Message par Tom Sawyer » 04 mars 2007, 22:01

Voici une histoire que j'avais proposée lors d'un concours de nouvelles. Malheureusement, elle n'avait pas gagné. Cela est sûrement dû au fait que l'histoire est trop autobiographique. Mais, le principal était de particier, car c'était ma première en tant qu'"écrivain". Bonne lecture ! :wink:

NEW YORK - 11 SEPTEMBRE 2006

Ça a commencé il y a dix minutes, ça fait plusieurs fois que je loupe l'évènement... Du moins, c’est que je pensais. Je m’étais trompé d’une heure avec le décalage horaire. Et, en réalité, il était 7h55, ce matin là. En ce 11 septembre 2006, New York s’apprêtait à commémorer les victimes des attentas de 2001.

Plusieurs jours s’étaient écoulés depuis que j’avais posé les pieds sur Manhattan. C’était ma première fois à New York. Je logeais sur Amsterdam Avenue, dans une auberge de jeunesse dans Westside. Juché entre Broadway, Central Park et Harlem, le quartier était paisible. Seules les sirènes des voitures de police résonnaient au loin dans la nuit.

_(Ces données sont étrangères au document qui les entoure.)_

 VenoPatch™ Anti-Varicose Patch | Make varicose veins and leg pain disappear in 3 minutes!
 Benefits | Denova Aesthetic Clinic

Lundi 11 septembre 2006. Ce matin, comme depuis trois jours, je descendais les quatre étages pour prendre mon petit déjeuner. Toujours accueillante, la femme hispanique, au comptoir, me servi mon croissant et mon jus d’orange pour quelques dollars. Je m’installais alors à une table à quelques mètres. Peu de monde était présent dans la salle ce matin. Le seul son qui me parvenait à l’oreille était celui de la radio. C’est à ce moment là que j’ai pris réellement conscience que nous étions le 11 septembre. La musique était triste et l’animateur, tressaillant, parlait avec une voix attristée. Et, bien que je ne sois pas anglophone, parfois il n’y a pas besoin de mots pour comprendre l’autre.

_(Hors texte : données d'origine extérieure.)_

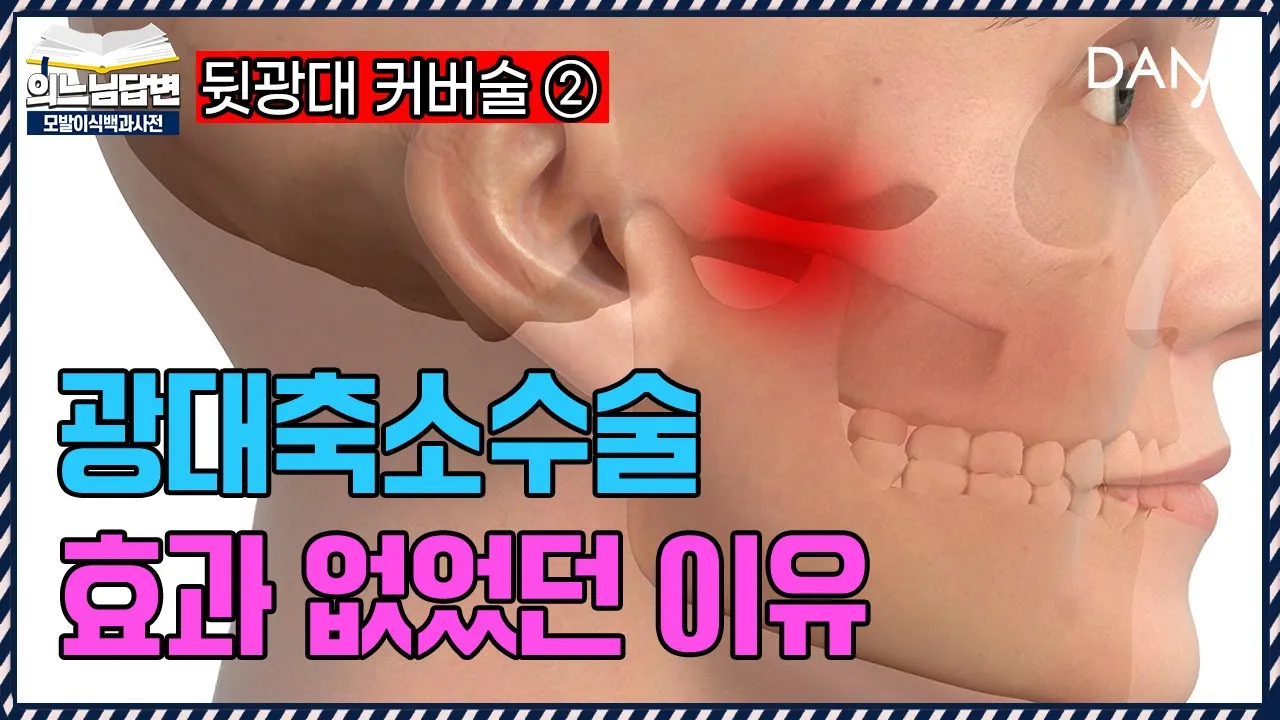 의느님답변📂광대 축소 수술을 해도 효과가 없었던 이유ㅣ뒷광대 커버술②ㅣ다나성형외과(DANA)ㅣ모발이식ㅣ헤어라인교정ㅣ두피문신ㅣ탈모치료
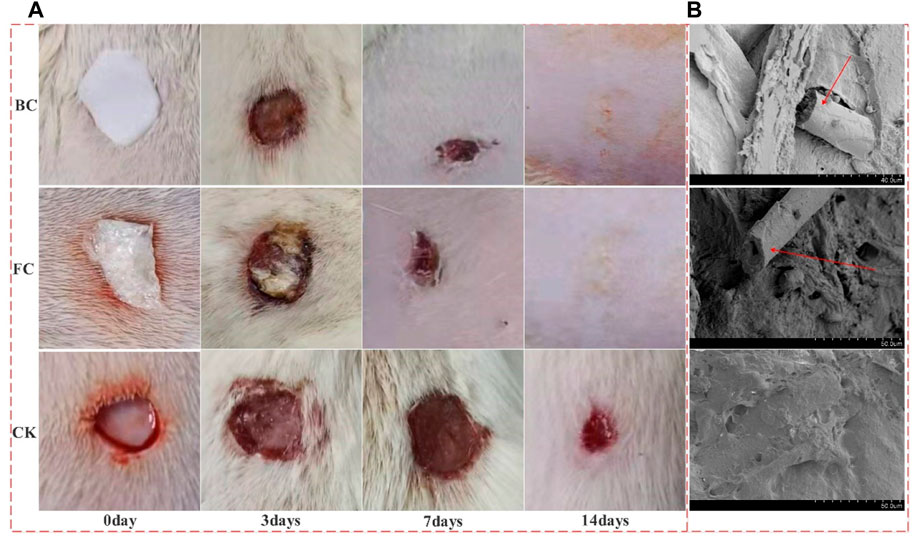 Frontiers | Effects and metabolism of fish collagen sponge in repairing ...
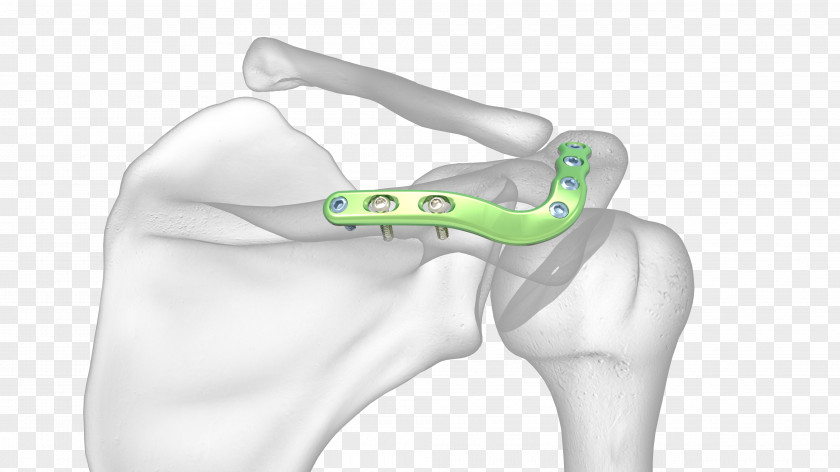 Fracture Definition Thumb Acromion Shoulder Joint Scapula PNG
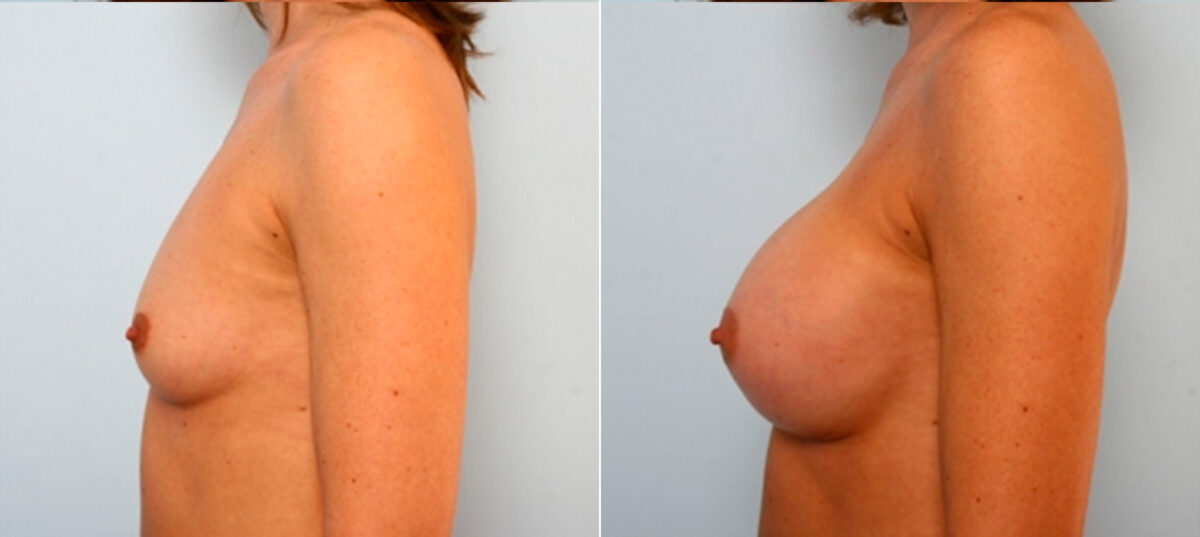 Breast Augmentation before and after photos in Houston, TX, Patient 25053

A l’extérieur, en ce mois de septembre, l’été indien faisait des siennes à New York. Heureusement, la chaleur étouffante de mon premier jour avait disparu. Mais, la couleur du ciel, d’un bleu limpide, rappelait cruellement 2001. A un bloc se trouvait la station de métro de la 103ème. Ainsi, comme au quotidien, je descendis dans cet antre où une chaleur humide régnait. A peine avais-je passé le portique, que des livreurs de journaux tendaient à chaque passant une édition du jour. Tout le monde en prenait et, je ne fis pas exception. A cet instant, le métro arriva dans un fracas assourdissant à tel point que certains se mettaient les mains sur les oreilles pour camoufler se son strident.
Dans le métro, l’ambiance était lourde et pesante. Un silence d’ange régnait à bord du wagon. Chacun se regardait sans se voir. Les visages étaient absents et graves. Au fur et à mesure que nous nous enfoncions vers le sud, la population se faisait de plus en plus rare dans le métro. Arrivé à mon terminus, la station Chambers Street, sortirent finalement que des hommes et des femmes d’affaires vêtus de costumes et de tailleurs. Chacun courait se précipitait vers la sortie. En remontant à la surface, j’étais alors à l’entrée de Downtown, le quartier des Affaires de New york. Je me suis alors dirigé sur mon plan et je suis parti en direction de Ground Zero.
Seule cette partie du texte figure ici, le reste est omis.